Geographic localization and genetic classification of ancient and modern quinoas collected in Northwest Argentina.

(A): Map of the dry Andes localizing ancient and modern quinoa samples (red and black numbers, respectively; detailed sample description in Table B in S1 Appendix). (B): Scatterplot of the Discriminant Analysis of Principal Components (DAPC). Individuals are represented by symbols according to their sample of origin; colored inertia ellipses define the clusters identified with a k-means algorithm for k = 12. (C): Individual assignment probability to each cluster from DAPC. Horizontal axis shows the sample codes as in A and B; vertical axis shows the assignment probabilities for k = 12.
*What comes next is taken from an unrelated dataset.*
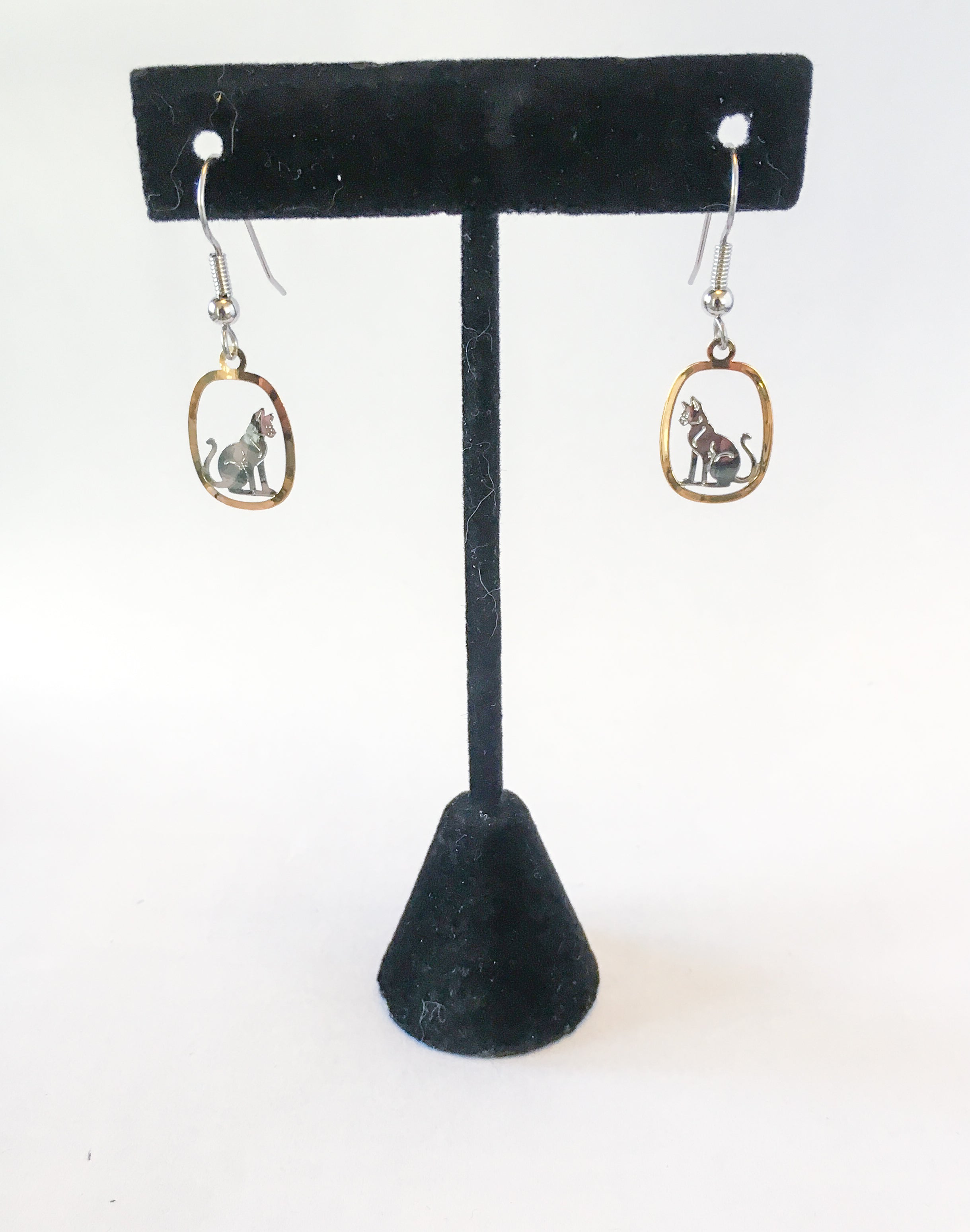 silver and gold cat earrings hang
The question then arises as to how these social and environmental changes affected local crop biodiversity throughout this period. Specifically, have climatic and agrarian changes—and their related transformations in social structures and local economy—led to genetic changes in native crop species? The quinoa crop in the dry Andes of Argentina provides a case study for investigating these issues since local conditions of low temperature and air dryness allowed for the conservation of abundant biological material in what once were residential places, granaries or tombs [24,25]. In modern quinoa samples, molecular markers reveal a diversity essentially shaped by broad biogeographic features separating—among others—quinoas from temperate highlands, arid highlands, mid- and high-altitude valleys, and western versus eastern lowlands [26]. Molecular genotyping, applied to ancient samples, should thus allow for tracking quinoa biodiversity in space and time, providing a new tool to investigate the agrarian economy of past societies and go further in-depth into the history of human-plant relationships [27].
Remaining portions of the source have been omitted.